By Tim Rollins
In a recent webcast (which you can hear a full replay of here), three federal judges participated in a spirited discussion about the findings of Exterro’s and EDRM’s 2019 Federal Judges Survey, in which 264 federal judges shared their opinions on a variety of topics ranging from sanctions to cooperation, and attorney competence to effective communication.
You might think that a conversation with three federal judges about what other judges think about e-discovery might end up heavy on the case law and legal theory… but in this case, you’d be wrong. In their wide-ranging conversation, Hon. Joy Conti (Chief District Judge, W.D. Penn.), Hon. Elizabeth Deavers (Chief Magistrate Judge, S.D. Ohio), and Hon. Xavier Rodriguez (District Judge, W.D. Tex.) shared very practical thoughts and advice for attorneys (and other professionals) working in e-discovery. Here are some of the highlights.
- Make sure you understand your clients’ IT infrastructure. After all, how can you have a meaningful conversation with opposing counsel about what documents you’ll be able to produce if you don’t know what’s there in the first place?
- Tell your judge if you expect e-discovery to be substantial. “We require the parties to tell us whether e-discovery is going to be a significant component in the case, and if so, whether they need a detailed e-discovery plan or proposal to be reviewed and approved by the court,” explained Judge Conti. It’s especially valuable in large, high-dollar-value cases to make sure everyone is on the same page.
- Cooperate and push forward e-discovery on your own. Even judges who are informed on e-discovery issues are likely to be cautious. As Judge Rodriguez mentioned, “We’re naturally cautious about interjecting ourselves into a case unnecessarily… Parties have got to do this [e-discovery] cooperatively and resolve things themselves.”

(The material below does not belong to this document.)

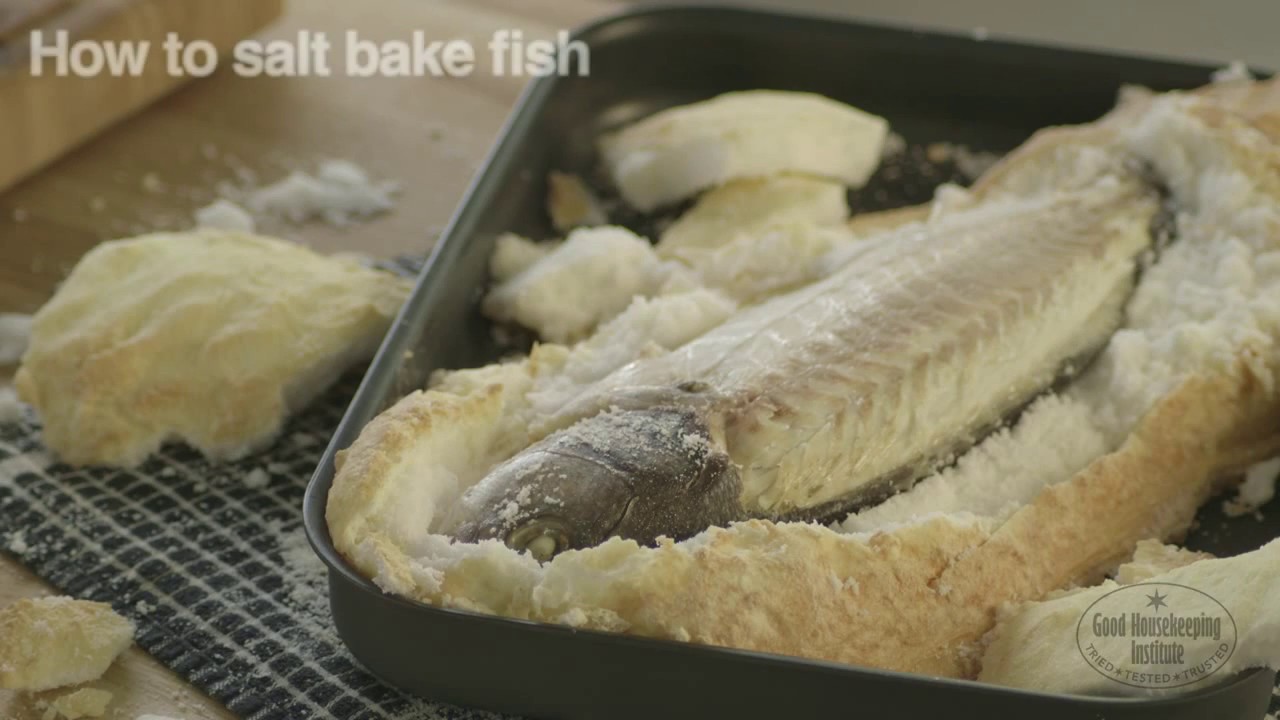 How To Salt Bake fish | Good Housekeeping UK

- Communicate effectively and behave professionally with opposing counsel. “Poor communication will probably not get you the most serious sanctions,” said Judge Conti, “More judges are looking at the professional conduct of the parties, trying to hold them accountable for inappropriate conduct. And if it requires shifting of costs or some other form of action, then judges are more willing to do that today.”
- Comply with Rule 26(g)(3). Judge Deavers was not surprised to learn that most judges felt that portion of the FRCP was most neglected by legal teams. She recalls, “I’m constantly struggling with attorneys on these matters with respect to their obligation to correct incomplete disclosures or to supplement their discovery responses.”

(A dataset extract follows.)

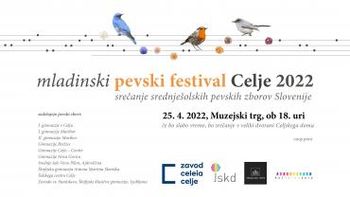 V Celju mladinski pevski festival Celje 2022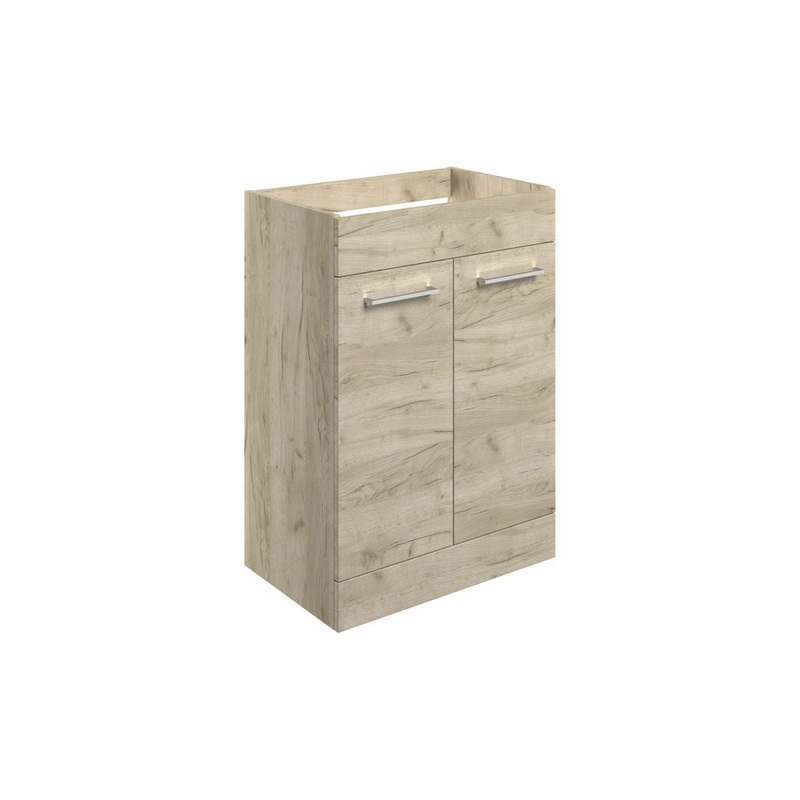 Bateba 590mm Floor Standing 2 Door Basin Unit (No Top) – Oak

- Bring e-discovery problems to the judge’s attention. Judge Deavers continued, “If we understand or get information that there is an issue, immediately bring it to the attention of the presiding judge. Get the presiding judge on the phone and have a discussion about it before it gets to the point that you need to file a motion.”
- Pay attention to email and text messages. Though they’re common data sources, and one would expect attorneys to know to preserve them, they’re still most frequently spoliated according to the results of the survey. This comports with what Judge Conti sees. “I don’t know if it’s because lawyers are not appropriately looking for it or preserving it, but the most active issues that I have are with email and text messages.”

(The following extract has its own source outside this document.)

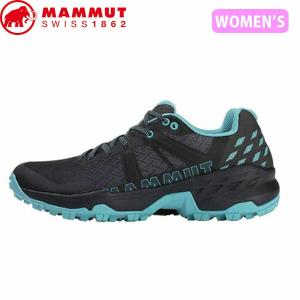 マムート MAMMUT レディース ハイキングシューズ ゴアテックス Sertig II Low GTX Women black-dark frosty 防水透湿 トレッキング MAM30300429000575｜hikyrm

- Don’t ignore mobile phone data. Judge Rodriguez elaborates, “Some phones are going to be necessary. That’s where the evidence is nowadays—and email is quickly being displaced by text messaging in a lot of cases… Especially state court judges know this through family law disputes, all the evidence is on the phone.”
- Ask for phone data early. Judge Conti advises, “If you know that text messaging is significant to a case, ask for it early, because many cloud providers do retain those deleted messages… But you need to act promptly because eventually in the cloud too, it’ll go to a backup device.”
- Be especially proactive if you’re a plaintiff. Judge Rodriguez explains, “If you’re going to be the plaintiff, you know when you’re going to trigger litigation, so you ought to start figuring out early on who’s go what, when, and where.” There’s no good excuse for not preserving data if you’re initiating the matter.